Start of Excerpted records
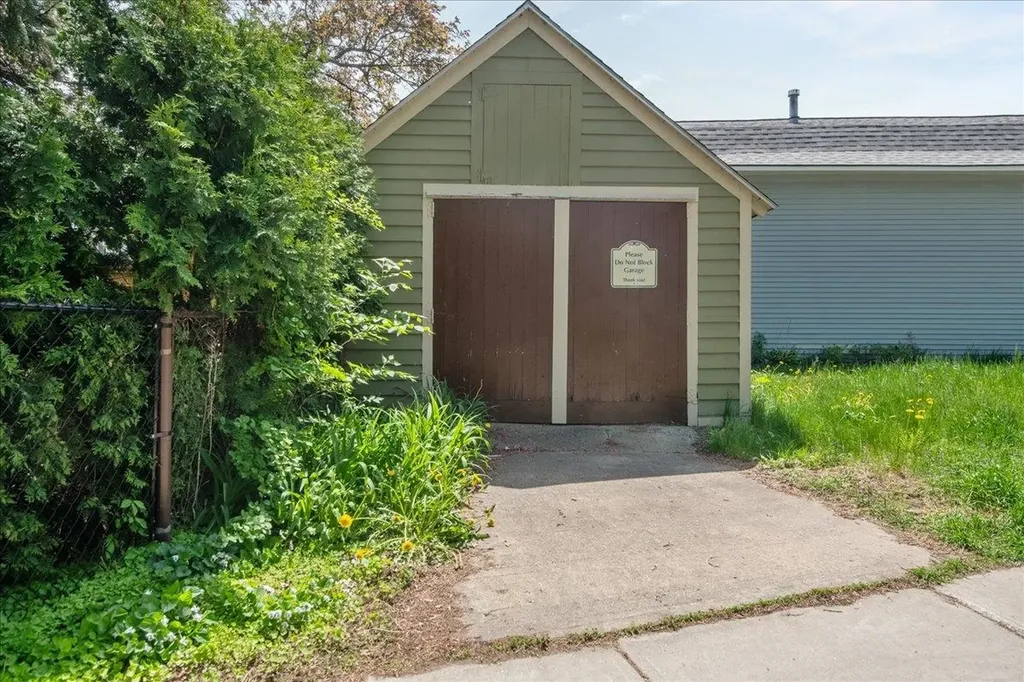 383 Manhattan Drive Burlington VT 05401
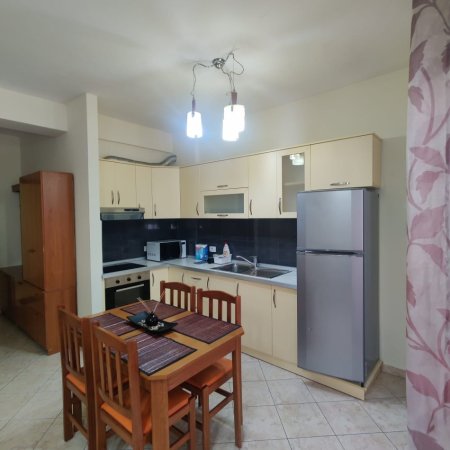 Tirane, jepet me qera apartament 2+1, Kati 3, 100 m² 650 € (KRISTAL CENTER)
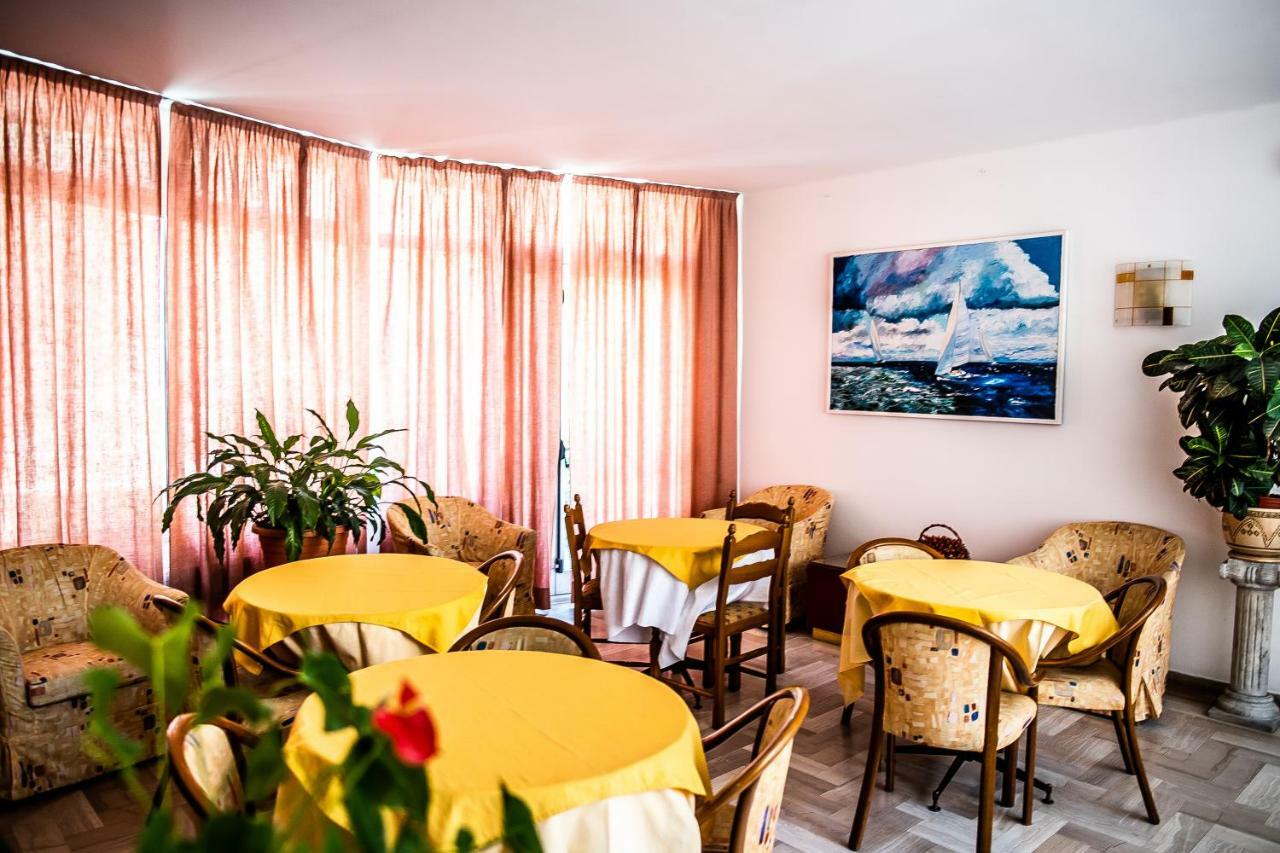 Hotel West End Alassio Kültér fotó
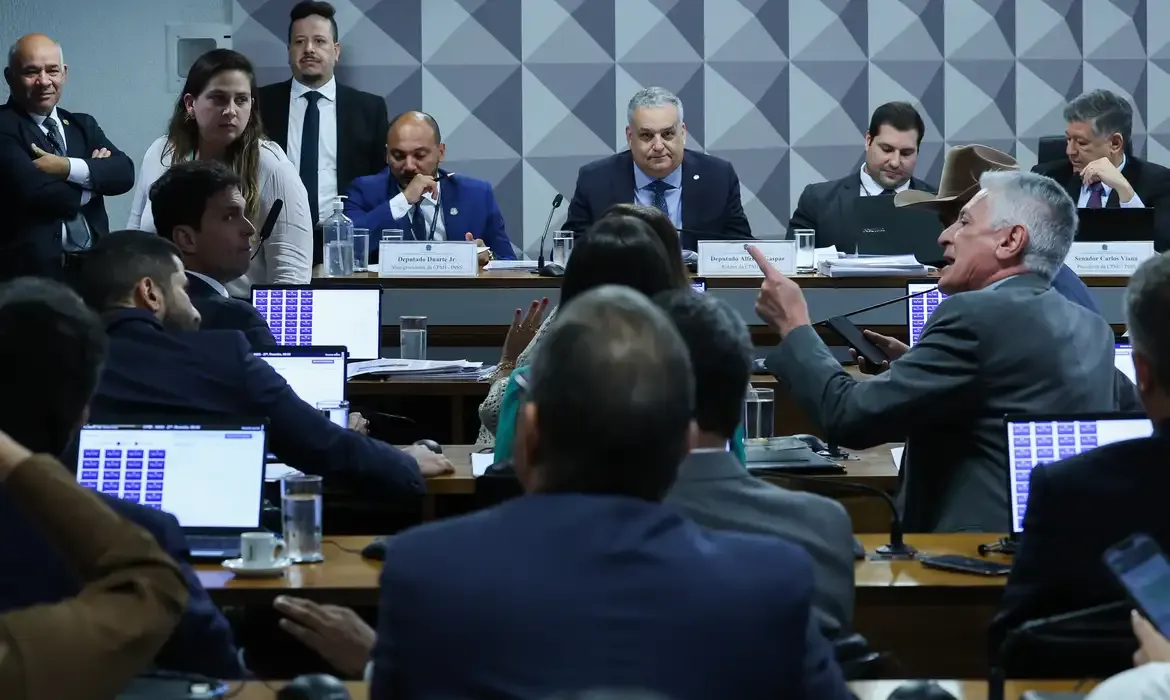 Inss aprova pedidos de prisão preventiva na cpmI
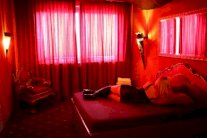 البغاء في أوروبا بين نموذجين: الألماني المتسامح والسويدي الصارم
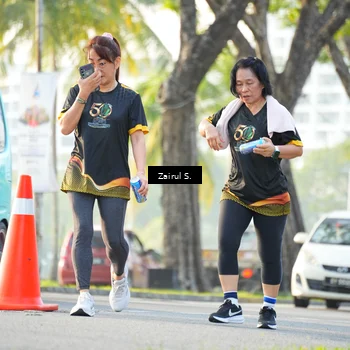 Runner Photo 7143014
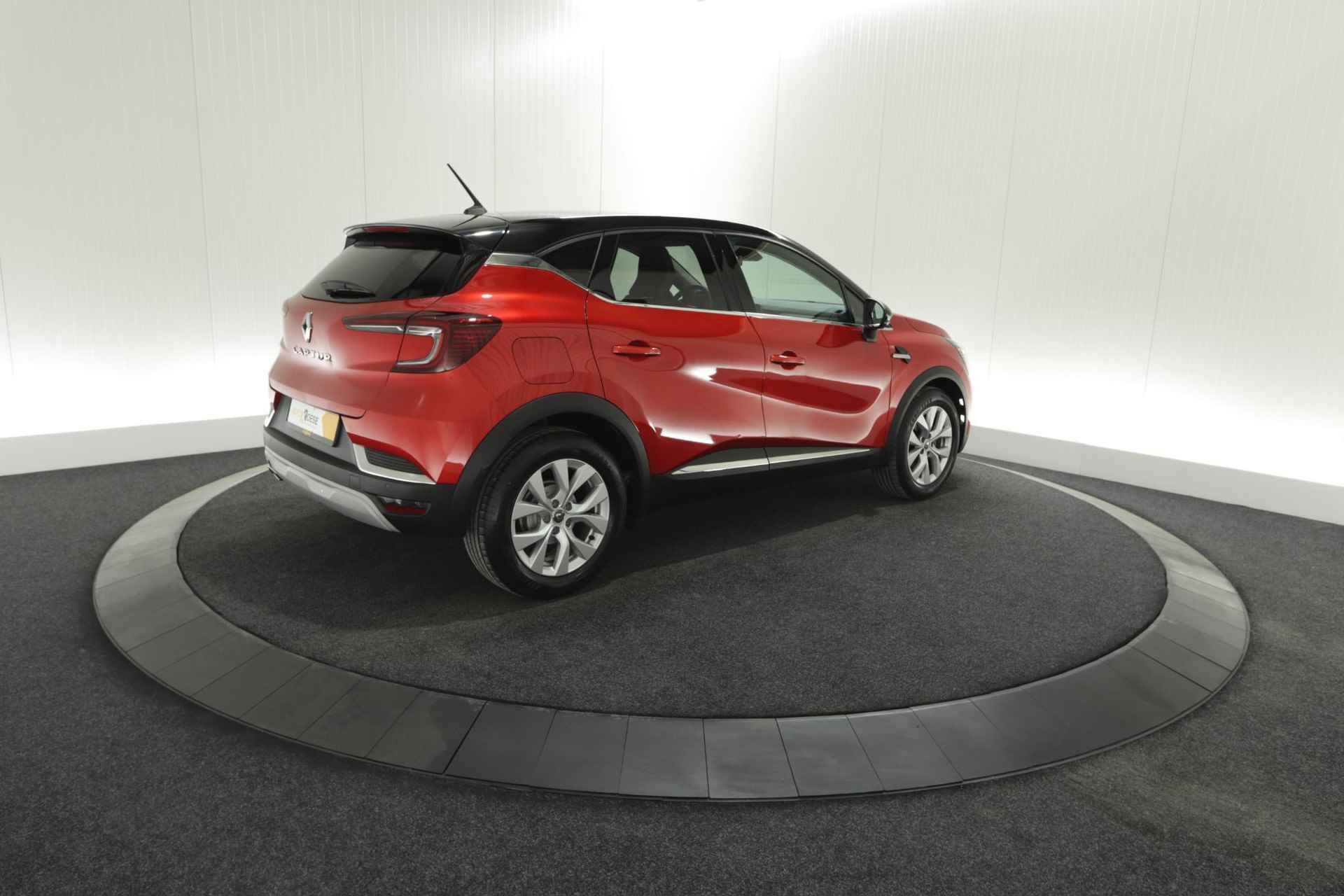 Renault Captur Mild Hybrid 140 Intens | 1e Eigenaar | Camera | Navigatie | Parkeersensoren - 6/77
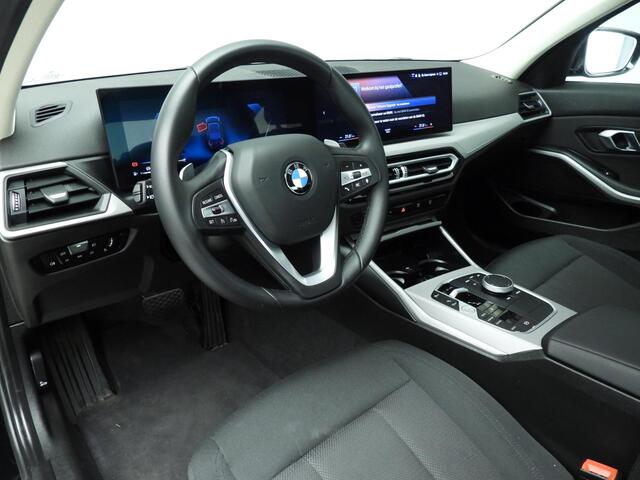BMW 3-SERIE Sedan 318i | LED | Navigatie | Clima | PDC | Cruise controle | DAB | Alu 17 inch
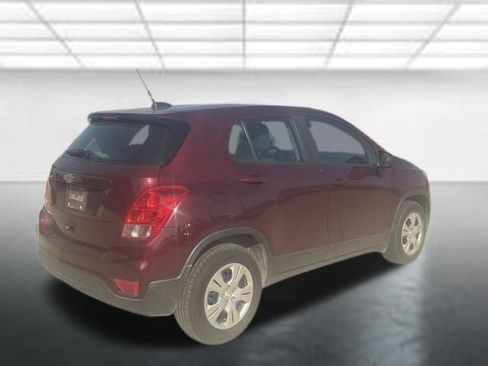 Used 2017 Chevrolet Trax LS FWD image 3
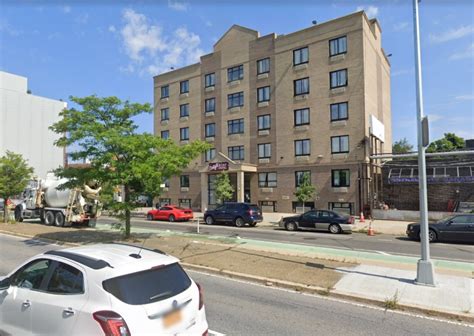 37-18 Queens Blvd, Long Island City, NY 11101-1726. La Quinta Inn by Wyndham Queens (New York City) 1,227 reviews. Getting there. Somewhat walkable..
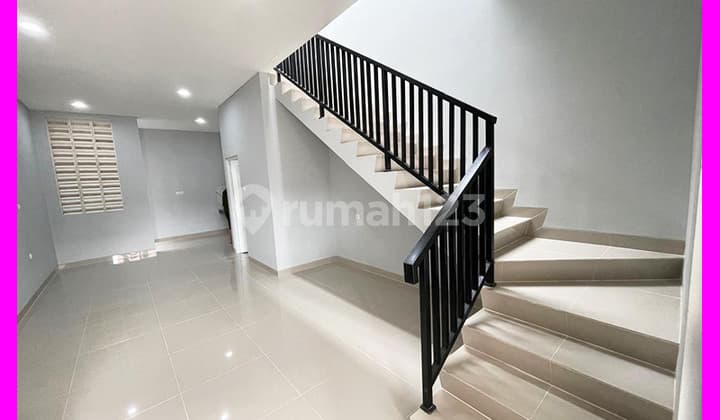 Dhyana rents a 4x15m house in Cengkareng.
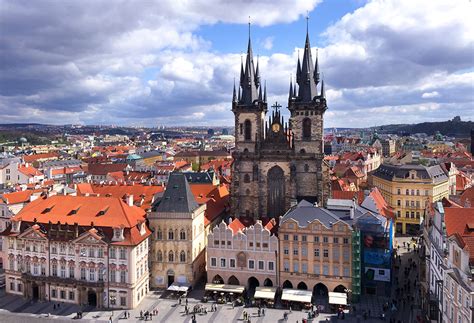 Survival Czech Travel Phrase Guide with Pronunciation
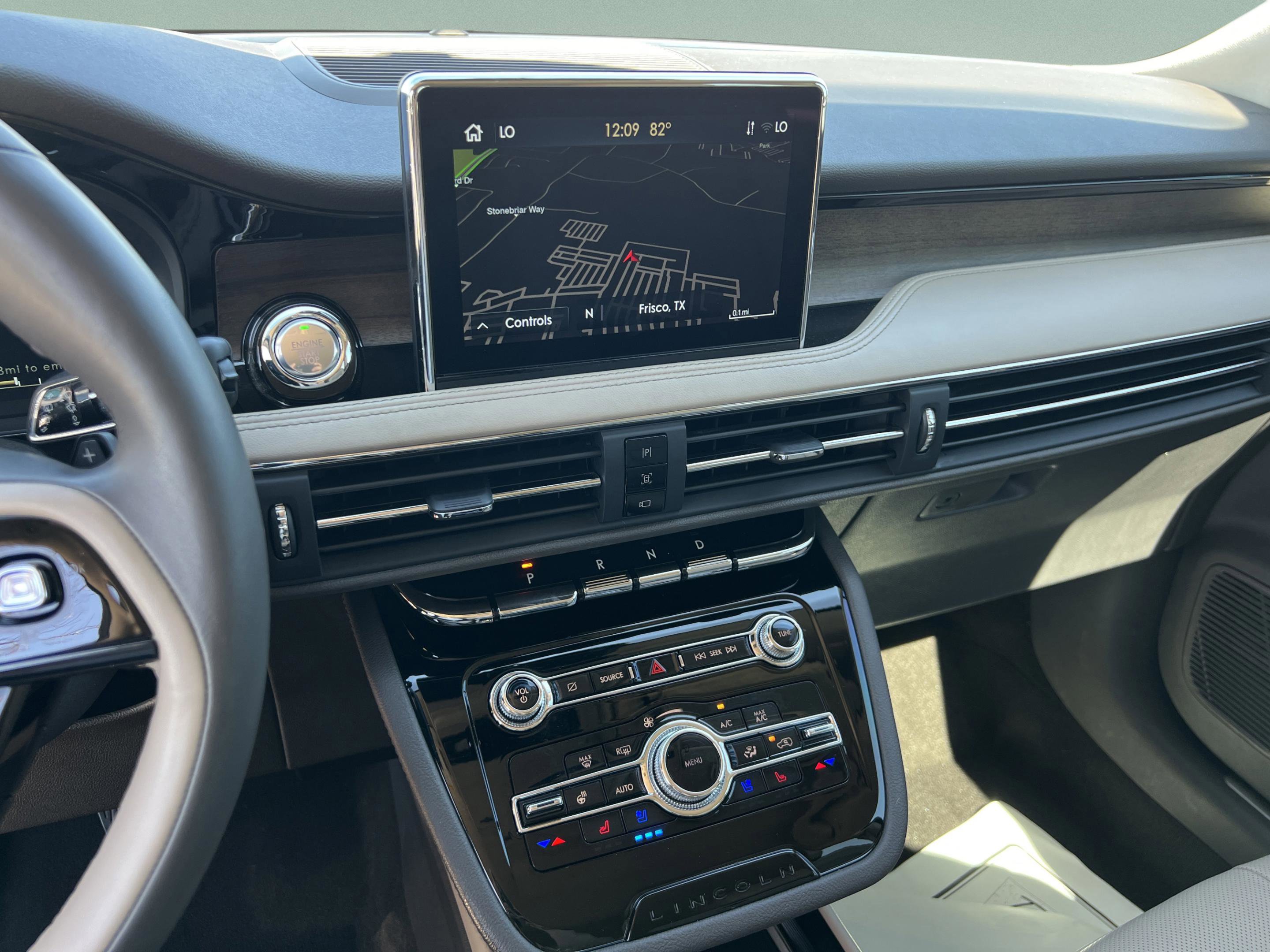 Used 2022 Lincoln Corsair Reserve w/ Elements Package image 16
End of Excerpted records
Copy nothing but the lines from the line that contains "البغاء في أوروبا" through the end of the listing, exactly, and keep pictures out of it.

 البغاء في أوروبا بين نموذجين: الألماني المتسامح والسويدي الصارم
 Runner Photo 7143014
 Renault Captur Mild Hybrid 140 Intens | 1e Eigenaar | Camera | Navigatie | Parkeersensoren - 6/77
BMW 3-SERIE Sedan 318i | LED | Navigatie | Clima | PDC | Cruise controle | DAB | Alu 17 inch
 Used 2017 Chevrolet Trax LS FWD image 3
 37-18 Queens Blvd, Long Island City, NY 11101-1726. La Quinta Inn by Wyndham Queens (New York City) 1,227 reviews. Getting there. Somewhat walkable..
 Dhyana rents a 4x15m house in Cengkareng.
 Survival Czech Travel Phrase Guide with Pronunciation
 Used 2022 Lincoln Corsair Reserve w/ Elements Package image 16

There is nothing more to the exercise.